YOUR OBJECTIVE:
Using the records below, copy every line that holds the string "with".

DATA:
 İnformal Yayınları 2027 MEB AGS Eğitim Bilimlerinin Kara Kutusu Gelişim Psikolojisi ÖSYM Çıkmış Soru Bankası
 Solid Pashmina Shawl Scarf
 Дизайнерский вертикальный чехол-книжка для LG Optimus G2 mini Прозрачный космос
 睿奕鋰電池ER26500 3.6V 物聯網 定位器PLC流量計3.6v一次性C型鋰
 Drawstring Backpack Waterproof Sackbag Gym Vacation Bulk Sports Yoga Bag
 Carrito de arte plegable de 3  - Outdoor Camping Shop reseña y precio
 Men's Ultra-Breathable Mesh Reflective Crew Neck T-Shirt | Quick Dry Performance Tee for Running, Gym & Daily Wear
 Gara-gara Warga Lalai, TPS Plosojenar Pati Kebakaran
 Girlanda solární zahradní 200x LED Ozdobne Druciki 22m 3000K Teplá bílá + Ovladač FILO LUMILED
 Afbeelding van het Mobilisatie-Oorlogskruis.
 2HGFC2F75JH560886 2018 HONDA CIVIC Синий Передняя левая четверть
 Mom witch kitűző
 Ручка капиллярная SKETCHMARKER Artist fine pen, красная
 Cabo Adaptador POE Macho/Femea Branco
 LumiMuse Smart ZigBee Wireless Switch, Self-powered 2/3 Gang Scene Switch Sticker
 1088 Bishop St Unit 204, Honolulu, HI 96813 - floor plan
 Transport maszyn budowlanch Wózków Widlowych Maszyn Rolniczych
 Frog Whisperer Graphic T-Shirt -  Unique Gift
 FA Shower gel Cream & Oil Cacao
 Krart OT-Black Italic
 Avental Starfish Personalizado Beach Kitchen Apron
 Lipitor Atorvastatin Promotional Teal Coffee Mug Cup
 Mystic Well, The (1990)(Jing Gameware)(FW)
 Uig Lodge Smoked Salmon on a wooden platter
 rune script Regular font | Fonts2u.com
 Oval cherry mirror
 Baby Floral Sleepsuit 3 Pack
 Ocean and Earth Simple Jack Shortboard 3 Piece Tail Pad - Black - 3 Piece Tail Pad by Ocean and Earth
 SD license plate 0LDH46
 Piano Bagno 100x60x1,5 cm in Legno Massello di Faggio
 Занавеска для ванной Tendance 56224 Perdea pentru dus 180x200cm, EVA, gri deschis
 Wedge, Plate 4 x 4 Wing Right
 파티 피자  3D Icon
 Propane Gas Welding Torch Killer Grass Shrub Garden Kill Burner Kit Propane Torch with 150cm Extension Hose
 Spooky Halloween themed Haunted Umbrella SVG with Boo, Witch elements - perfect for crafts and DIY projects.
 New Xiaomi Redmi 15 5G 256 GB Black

RESPONSE TO THIS EXERCISE:
 Propane Gas Welding Torch Killer Grass Shrub Garden Kill Burner Kit Propane Torch with 150cm Extension Hose
 Spooky Halloween themed Haunted Umbrella SVG with Boo, Witch elements - perfect for crafts and DIY projects.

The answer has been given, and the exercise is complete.